> _WHAT THE EXERCISE ASKS_
The stretch wanted below opens at the line containing "Fulham Fix Podcast" and closes at the line containing "icon:This icon indicates the". Please return it exactly, with no other lines.

> _EXTRACTED ENTRIES_
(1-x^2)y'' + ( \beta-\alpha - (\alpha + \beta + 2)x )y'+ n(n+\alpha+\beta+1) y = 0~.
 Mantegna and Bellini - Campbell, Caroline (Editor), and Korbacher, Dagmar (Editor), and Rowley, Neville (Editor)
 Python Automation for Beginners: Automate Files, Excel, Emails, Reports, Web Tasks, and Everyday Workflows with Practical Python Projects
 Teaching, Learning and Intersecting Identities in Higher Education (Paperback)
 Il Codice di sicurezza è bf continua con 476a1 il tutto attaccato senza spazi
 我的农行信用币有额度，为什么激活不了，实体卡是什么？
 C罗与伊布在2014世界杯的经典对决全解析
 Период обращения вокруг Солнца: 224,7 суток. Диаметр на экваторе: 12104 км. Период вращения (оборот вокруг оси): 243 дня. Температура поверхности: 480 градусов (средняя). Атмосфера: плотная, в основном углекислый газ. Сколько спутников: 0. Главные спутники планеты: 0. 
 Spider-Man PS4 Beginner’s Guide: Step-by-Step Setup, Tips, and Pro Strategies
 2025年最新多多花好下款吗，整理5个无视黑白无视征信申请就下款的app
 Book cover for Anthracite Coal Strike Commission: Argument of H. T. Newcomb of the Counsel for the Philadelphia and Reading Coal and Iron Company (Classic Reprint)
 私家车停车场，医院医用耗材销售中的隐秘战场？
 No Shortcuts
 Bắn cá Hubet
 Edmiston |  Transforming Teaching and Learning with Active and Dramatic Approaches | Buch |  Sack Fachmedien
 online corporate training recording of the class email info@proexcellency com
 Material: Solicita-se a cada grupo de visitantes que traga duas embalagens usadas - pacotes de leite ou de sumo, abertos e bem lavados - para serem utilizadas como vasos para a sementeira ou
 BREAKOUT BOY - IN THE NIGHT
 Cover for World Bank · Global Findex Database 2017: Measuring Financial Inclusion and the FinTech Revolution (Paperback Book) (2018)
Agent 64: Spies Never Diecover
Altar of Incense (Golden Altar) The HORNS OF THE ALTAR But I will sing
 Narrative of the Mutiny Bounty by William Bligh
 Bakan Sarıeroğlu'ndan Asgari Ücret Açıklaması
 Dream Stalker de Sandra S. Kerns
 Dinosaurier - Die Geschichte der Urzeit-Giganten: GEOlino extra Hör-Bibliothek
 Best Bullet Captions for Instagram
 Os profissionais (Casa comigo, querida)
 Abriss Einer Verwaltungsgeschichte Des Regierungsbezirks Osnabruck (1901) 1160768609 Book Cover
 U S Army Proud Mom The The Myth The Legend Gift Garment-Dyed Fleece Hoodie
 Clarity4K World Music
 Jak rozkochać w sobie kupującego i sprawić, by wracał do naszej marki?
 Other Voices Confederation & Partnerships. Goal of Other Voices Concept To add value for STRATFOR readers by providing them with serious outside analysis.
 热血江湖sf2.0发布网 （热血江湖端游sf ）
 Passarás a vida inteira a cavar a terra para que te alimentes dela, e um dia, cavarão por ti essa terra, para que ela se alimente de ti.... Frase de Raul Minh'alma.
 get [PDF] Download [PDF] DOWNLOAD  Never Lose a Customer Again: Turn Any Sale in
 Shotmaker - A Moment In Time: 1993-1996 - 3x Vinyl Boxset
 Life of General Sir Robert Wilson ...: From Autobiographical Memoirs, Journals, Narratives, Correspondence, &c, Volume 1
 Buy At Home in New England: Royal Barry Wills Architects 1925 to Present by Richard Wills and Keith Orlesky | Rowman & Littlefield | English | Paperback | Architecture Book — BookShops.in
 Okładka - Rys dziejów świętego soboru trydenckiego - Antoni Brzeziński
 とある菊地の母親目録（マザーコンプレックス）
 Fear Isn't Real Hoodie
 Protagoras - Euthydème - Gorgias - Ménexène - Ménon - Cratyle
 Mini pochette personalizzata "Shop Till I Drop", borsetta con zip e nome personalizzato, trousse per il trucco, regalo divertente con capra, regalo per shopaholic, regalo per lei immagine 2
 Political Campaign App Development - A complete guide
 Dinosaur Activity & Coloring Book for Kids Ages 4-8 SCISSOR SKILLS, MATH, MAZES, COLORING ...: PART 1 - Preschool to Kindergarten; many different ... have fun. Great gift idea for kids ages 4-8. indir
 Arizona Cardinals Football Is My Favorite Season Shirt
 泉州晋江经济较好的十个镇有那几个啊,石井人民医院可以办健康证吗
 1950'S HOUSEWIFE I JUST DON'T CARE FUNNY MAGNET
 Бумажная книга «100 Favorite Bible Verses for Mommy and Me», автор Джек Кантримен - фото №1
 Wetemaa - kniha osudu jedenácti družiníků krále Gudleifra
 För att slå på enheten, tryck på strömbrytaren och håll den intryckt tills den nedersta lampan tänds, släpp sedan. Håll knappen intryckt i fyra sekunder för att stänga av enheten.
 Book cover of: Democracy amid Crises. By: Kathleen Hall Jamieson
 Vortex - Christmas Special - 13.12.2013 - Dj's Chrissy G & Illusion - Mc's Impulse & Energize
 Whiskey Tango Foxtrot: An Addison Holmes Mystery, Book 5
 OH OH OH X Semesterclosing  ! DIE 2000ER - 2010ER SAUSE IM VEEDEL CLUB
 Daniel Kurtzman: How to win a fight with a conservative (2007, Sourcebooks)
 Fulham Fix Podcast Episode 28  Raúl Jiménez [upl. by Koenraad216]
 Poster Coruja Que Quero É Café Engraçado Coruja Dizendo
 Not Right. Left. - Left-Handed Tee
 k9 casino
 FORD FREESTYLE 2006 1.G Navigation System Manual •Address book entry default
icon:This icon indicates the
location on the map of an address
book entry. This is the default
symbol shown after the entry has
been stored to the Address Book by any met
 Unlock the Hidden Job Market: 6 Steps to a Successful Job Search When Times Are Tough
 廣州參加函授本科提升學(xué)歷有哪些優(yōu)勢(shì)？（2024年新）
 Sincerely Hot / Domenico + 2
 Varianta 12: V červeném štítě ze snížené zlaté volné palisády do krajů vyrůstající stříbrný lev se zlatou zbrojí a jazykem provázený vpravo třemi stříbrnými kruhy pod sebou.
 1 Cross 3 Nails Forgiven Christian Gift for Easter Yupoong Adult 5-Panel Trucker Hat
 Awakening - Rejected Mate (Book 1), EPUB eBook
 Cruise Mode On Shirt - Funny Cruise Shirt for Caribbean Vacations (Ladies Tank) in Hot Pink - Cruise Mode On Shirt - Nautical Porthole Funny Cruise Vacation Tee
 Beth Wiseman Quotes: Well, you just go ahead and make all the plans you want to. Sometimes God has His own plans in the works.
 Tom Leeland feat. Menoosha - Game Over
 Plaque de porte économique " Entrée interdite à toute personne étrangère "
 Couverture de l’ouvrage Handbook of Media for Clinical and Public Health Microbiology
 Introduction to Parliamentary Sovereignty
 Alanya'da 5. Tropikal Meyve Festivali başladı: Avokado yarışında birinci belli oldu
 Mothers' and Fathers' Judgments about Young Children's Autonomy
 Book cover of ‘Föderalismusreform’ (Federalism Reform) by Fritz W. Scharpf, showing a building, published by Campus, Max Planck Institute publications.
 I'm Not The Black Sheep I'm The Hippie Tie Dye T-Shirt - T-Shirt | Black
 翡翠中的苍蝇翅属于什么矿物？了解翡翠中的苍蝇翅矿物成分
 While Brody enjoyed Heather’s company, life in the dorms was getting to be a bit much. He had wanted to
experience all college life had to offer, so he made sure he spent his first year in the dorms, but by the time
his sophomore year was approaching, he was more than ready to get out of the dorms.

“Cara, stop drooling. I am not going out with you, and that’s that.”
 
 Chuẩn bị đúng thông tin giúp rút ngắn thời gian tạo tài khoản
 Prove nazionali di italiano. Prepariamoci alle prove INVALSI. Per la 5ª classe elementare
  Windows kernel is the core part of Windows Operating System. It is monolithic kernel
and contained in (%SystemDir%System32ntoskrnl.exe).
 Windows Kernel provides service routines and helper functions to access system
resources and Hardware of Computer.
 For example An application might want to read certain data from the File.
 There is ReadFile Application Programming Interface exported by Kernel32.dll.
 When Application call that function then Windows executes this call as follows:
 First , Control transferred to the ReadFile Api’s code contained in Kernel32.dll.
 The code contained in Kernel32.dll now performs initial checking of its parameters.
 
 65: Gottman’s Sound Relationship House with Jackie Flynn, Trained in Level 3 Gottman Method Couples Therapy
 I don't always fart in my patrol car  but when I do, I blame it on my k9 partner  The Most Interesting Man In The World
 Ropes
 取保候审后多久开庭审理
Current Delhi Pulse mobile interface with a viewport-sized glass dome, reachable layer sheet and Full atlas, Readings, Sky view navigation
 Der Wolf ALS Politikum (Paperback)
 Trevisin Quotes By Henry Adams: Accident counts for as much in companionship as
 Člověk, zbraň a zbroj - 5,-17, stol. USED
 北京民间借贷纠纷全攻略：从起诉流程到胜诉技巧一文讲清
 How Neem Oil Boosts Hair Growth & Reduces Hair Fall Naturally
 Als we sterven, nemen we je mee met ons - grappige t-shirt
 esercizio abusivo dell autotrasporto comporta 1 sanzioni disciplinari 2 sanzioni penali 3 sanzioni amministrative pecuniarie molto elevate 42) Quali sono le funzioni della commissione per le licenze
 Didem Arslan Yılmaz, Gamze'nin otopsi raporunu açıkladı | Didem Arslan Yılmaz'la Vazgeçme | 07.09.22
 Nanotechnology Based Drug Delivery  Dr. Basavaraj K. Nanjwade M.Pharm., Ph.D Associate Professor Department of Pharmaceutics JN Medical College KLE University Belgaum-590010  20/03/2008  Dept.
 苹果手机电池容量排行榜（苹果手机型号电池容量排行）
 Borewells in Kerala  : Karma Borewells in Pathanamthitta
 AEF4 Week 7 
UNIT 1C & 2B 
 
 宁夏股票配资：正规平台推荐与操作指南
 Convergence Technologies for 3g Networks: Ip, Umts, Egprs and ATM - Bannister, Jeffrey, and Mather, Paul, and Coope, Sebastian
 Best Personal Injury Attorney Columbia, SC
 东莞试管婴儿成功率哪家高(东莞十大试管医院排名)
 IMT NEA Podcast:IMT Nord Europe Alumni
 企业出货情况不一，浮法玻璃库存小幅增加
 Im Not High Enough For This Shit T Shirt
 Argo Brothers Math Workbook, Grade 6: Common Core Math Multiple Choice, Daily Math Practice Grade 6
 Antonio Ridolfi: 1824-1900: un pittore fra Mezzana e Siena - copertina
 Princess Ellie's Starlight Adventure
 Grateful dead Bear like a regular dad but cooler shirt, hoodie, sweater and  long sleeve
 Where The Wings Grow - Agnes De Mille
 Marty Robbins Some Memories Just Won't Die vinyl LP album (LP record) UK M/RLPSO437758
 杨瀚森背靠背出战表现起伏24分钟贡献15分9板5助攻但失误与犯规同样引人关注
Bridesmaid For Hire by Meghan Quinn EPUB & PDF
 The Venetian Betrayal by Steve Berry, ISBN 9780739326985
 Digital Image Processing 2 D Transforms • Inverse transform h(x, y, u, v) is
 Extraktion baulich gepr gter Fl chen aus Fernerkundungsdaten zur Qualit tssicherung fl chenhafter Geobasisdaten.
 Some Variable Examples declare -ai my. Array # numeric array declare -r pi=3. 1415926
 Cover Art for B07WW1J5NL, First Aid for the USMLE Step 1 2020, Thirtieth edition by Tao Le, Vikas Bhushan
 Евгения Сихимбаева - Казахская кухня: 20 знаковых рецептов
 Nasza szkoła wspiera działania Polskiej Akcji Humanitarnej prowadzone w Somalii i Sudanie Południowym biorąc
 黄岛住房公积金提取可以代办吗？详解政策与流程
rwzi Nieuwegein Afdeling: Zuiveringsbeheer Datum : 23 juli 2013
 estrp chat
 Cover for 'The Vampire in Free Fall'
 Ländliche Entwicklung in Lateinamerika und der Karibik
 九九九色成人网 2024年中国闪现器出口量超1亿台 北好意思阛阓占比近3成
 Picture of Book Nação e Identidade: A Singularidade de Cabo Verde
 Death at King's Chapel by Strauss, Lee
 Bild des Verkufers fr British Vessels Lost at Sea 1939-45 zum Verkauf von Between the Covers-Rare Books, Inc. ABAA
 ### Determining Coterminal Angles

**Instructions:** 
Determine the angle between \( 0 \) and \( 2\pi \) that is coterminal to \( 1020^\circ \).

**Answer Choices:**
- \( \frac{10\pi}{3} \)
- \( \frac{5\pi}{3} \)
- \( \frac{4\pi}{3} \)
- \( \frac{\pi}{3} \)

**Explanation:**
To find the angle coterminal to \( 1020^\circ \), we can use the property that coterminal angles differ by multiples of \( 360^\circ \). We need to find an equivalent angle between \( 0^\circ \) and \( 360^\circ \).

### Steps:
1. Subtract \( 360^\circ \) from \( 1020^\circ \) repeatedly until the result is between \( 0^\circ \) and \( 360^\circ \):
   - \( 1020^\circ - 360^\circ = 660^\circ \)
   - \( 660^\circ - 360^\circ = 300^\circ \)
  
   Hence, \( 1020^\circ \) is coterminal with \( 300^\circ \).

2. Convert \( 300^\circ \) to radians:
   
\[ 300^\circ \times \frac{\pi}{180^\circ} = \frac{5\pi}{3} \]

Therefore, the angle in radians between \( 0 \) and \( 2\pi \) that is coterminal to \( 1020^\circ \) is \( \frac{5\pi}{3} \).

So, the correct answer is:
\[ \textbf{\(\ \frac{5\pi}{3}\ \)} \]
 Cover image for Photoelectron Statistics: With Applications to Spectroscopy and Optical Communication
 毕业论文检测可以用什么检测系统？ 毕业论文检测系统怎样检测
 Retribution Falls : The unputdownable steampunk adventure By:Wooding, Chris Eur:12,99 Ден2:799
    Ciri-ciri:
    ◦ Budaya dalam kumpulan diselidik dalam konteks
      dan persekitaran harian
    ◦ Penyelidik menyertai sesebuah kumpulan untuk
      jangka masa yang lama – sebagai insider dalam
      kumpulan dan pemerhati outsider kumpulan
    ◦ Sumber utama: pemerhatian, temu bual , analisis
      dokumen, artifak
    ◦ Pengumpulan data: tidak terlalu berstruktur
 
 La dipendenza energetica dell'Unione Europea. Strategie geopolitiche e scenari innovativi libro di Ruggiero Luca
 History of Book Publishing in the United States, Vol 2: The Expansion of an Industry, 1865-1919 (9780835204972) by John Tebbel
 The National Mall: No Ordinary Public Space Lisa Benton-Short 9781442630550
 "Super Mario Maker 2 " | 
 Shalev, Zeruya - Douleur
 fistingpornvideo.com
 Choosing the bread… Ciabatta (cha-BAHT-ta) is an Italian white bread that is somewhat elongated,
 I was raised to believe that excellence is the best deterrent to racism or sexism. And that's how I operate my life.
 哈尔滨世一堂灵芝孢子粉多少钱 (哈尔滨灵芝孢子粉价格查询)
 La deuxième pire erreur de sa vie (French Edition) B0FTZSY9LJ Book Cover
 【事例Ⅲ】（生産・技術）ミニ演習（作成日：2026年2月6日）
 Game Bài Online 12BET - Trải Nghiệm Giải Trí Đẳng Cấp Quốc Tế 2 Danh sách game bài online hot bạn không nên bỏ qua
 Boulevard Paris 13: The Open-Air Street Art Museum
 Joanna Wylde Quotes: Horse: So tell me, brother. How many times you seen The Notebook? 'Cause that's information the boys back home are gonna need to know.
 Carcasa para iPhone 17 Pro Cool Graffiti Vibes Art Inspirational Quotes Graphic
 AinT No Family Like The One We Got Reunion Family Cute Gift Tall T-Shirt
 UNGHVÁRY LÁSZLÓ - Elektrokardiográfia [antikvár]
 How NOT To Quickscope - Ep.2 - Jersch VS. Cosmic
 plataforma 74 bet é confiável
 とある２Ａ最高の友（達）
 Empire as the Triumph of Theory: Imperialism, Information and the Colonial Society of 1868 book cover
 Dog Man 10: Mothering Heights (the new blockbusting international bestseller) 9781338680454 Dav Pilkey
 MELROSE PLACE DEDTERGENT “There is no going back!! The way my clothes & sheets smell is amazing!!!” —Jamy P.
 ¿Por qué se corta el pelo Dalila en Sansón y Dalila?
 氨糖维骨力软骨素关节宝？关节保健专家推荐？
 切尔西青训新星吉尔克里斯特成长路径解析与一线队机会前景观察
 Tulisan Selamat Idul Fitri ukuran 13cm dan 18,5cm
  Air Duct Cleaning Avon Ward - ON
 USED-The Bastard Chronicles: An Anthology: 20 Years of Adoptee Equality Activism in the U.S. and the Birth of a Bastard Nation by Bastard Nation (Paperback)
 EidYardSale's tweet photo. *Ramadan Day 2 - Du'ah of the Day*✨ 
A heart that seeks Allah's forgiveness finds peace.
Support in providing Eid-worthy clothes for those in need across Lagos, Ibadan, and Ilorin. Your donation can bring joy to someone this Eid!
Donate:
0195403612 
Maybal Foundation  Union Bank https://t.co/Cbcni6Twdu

> _YOUR SOLUTION_
 Fulham Fix Podcast Episode 28  Raúl Jiménez [upl. by Koenraad216]
 Poster Coruja Que Quero É Café Engraçado Coruja Dizendo
 Not Right. Left. - Left-Handed Tee
 k9 casino
 FORD FREESTYLE 2006 1.G Navigation System Manual •Address book entry default
icon:This icon indicates the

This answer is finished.